The true and the gray: Ambiguity in the human condition
Like most artists, the sculptor and painter Anselm Kiefer favors certain hues and materials. His chosen hue is gray, in all its shades, and gray is nothing if not shaded. His favorite material is lead, which is, yes, grayish. His maxim: “The truth is always gray.”
Gray does not show up among the liturgical colors of the Christian year. Advent, which formerly called for purple, is now the season of blue. Red and green are not colors for inside the sanctuary as of Christmas Eve or Morning, but they do complement the proper white. Like white, black has its annual moment, but that is a very brief one. But no gray. Should there be? Should Kiefer be an artist for the church as well as the gallery?

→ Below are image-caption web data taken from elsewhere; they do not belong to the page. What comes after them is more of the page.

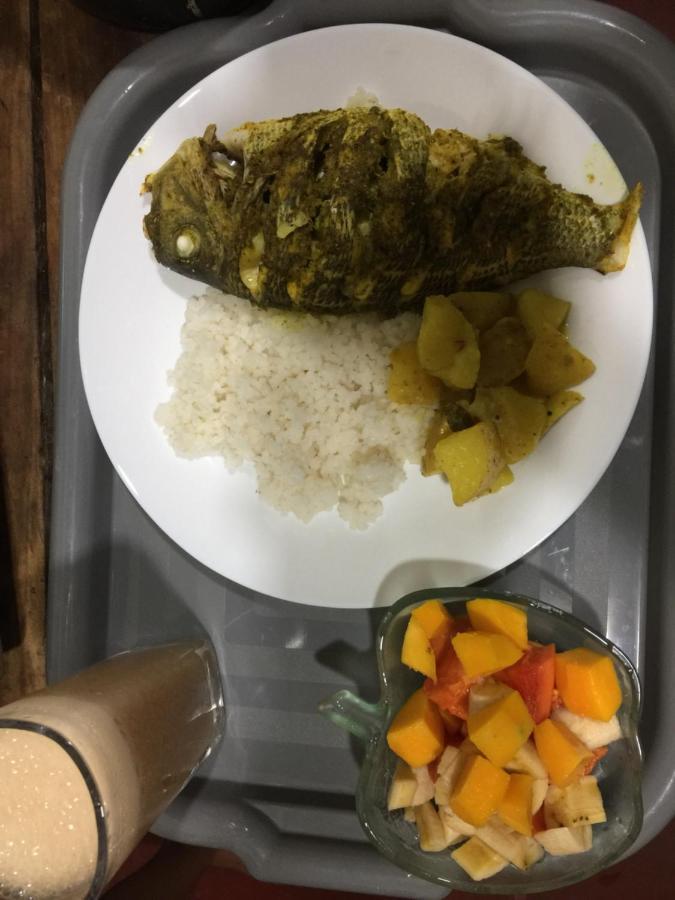 Roabaa Guesthouse باتيكالوا المظهر الخارجي الصورة
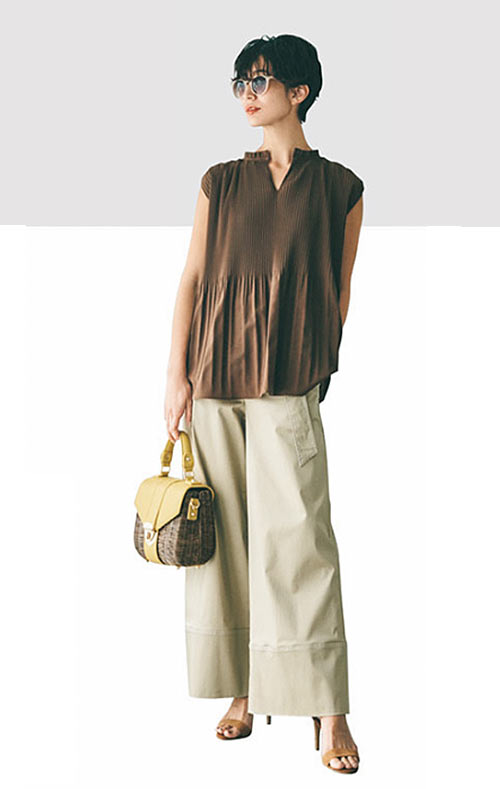 アトリエ ブルージュ サングラス2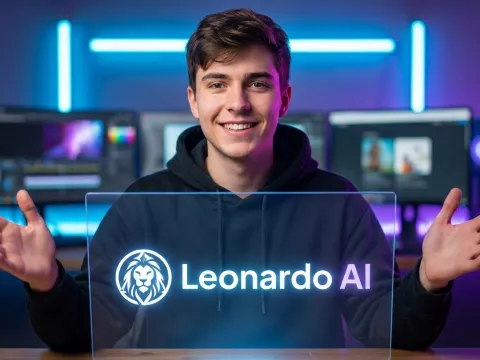 Leonardo API: Amplie seu fluxo de trabalho criativo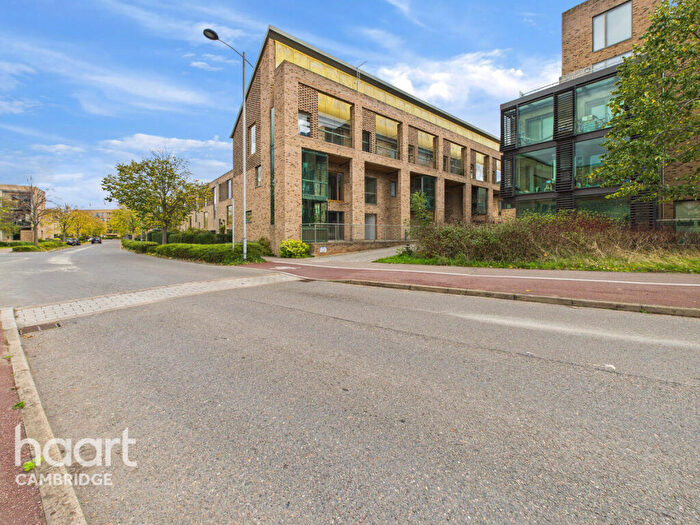 1 Bedroom Apartment For Sale In Addenbrookes Road, Trumpington, Cambridge, CB2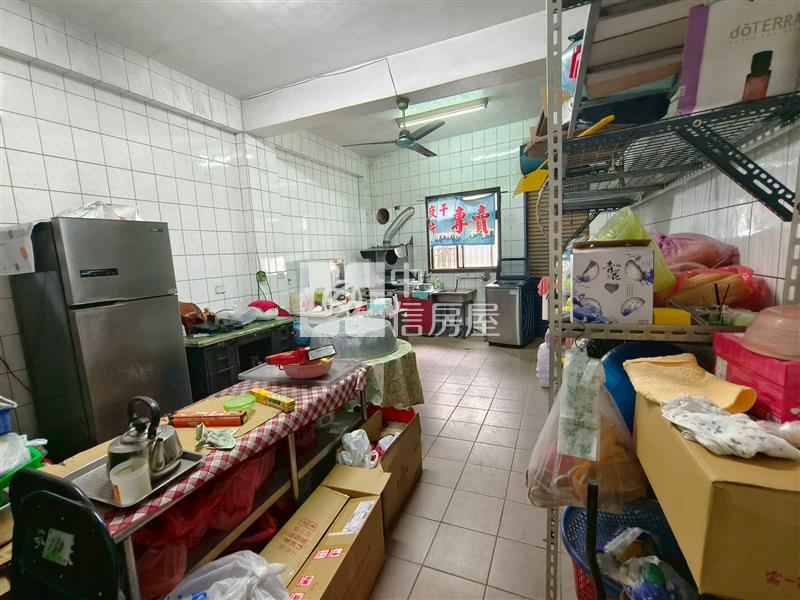 虎山路大地坪店住房屋室內格局與周邊環境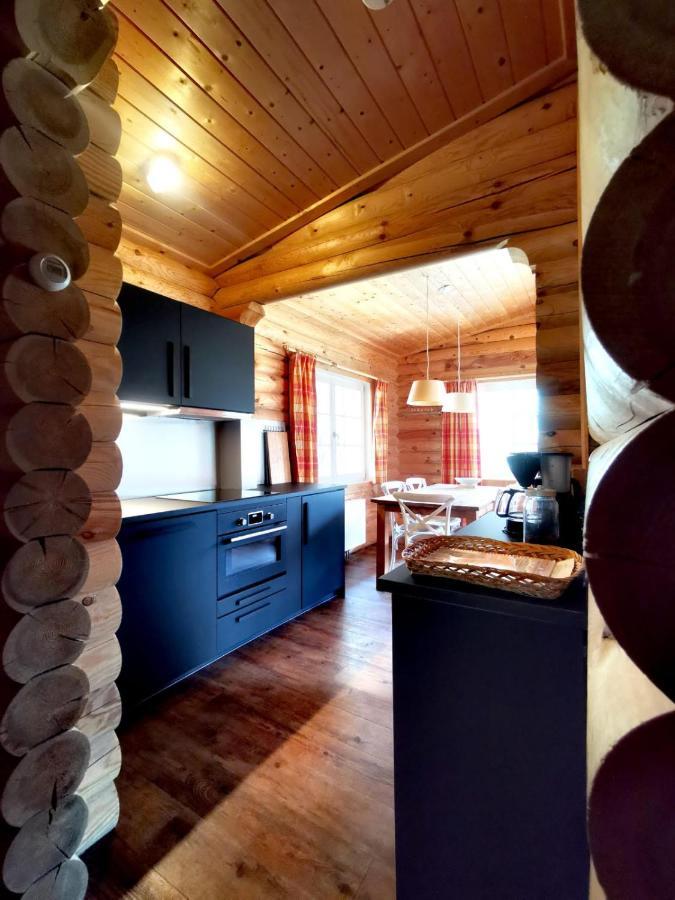 Scandinavian Lodges Holten Esterno foto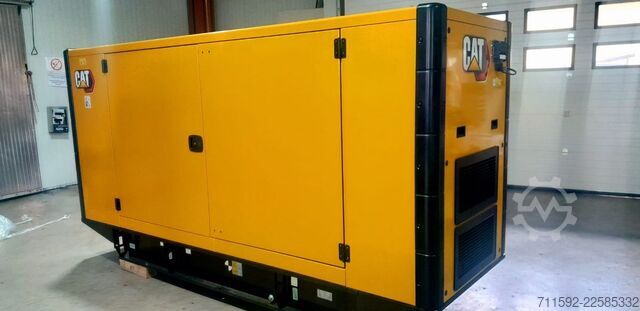 Sonstige Caterpillar Notstromaggregat CAT DE65EO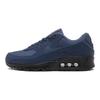 Nike Air Max 90 Midnight Navy Men Sneakers Blue Obsidian Black HQ3828-451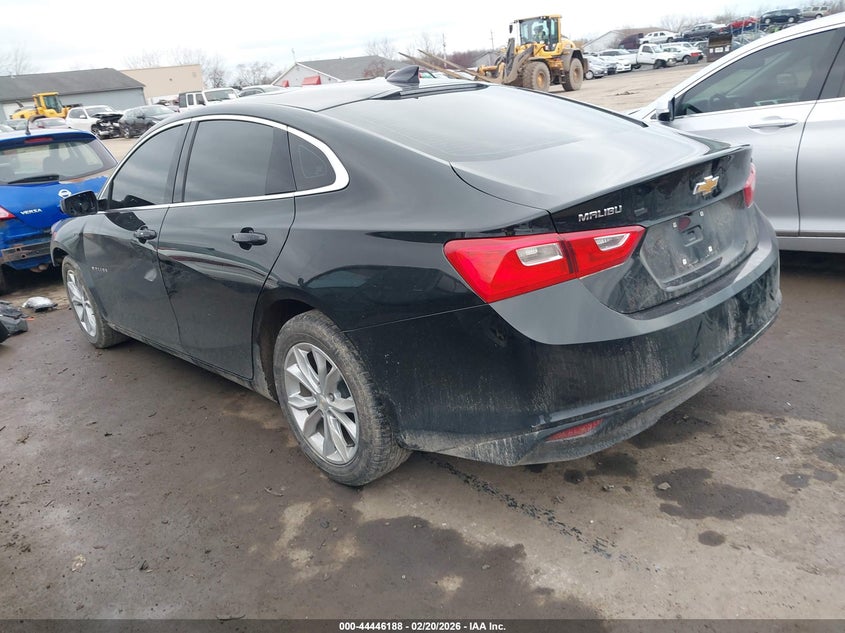2023 Chevrolet Malibu Fwd 1Lt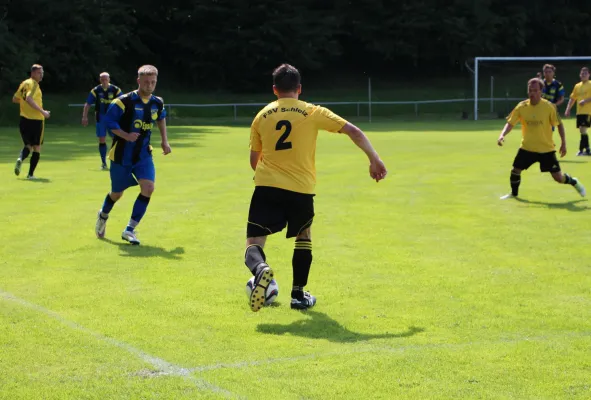 Testspiel FSV Schleiz - 1. FC Trogen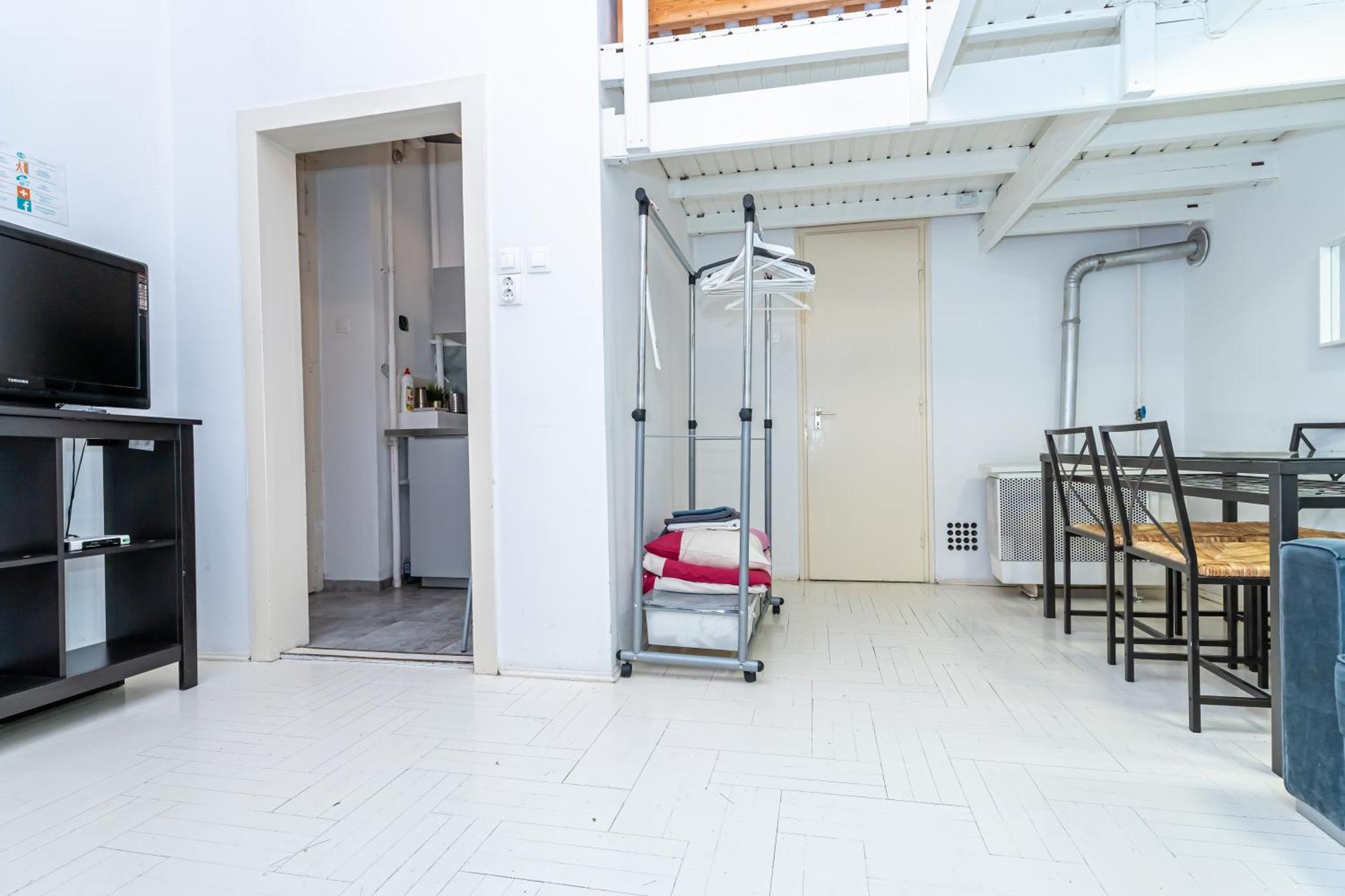 Sophies Apartamento Budapest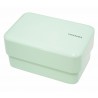 Bento Box Rectangle Menthe L 165 x l 108 x h 90 mm Takenaka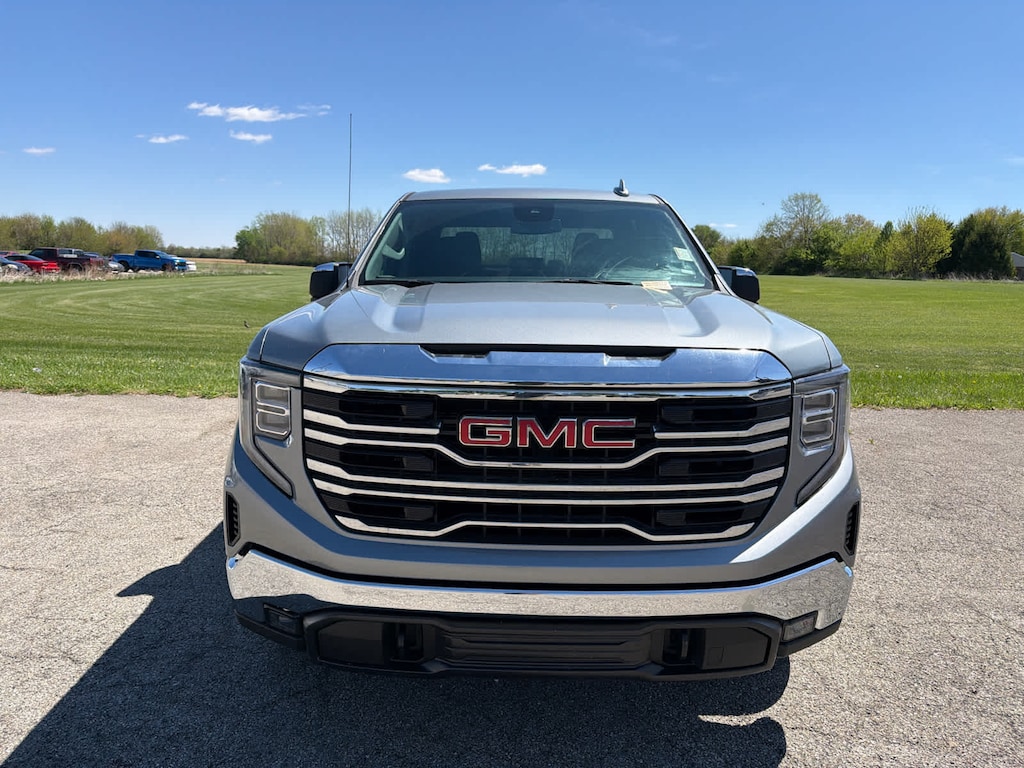 Used 2025 GMC Sierra 1500 SLT 4WD Crew Cab 147 Truck Crew Cab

The one who says “the truth is always gray” will not always be treated as a truth teller. He will be scorned by the absolutists. Those who say reality calls for an appreciation of gray will be dismissed by many as temporizing, wishy-washy or compromising. The scorners of gray often get the plaudits these days. We have heard orthodox religious hard-liners speak appreciatively of the black-and-white polarizers: “By God, at least they’ve got convictions!”
If Islamic militants are dead sure that they are right, then we, it is said, had better be democratically and Christianly right—or else. The patron saint of the absolutists is the person observed by Mr. Dooley: the fanatic is someone who knows he’s doing exactly what the Lord would do if the Lord were in possession of the facts.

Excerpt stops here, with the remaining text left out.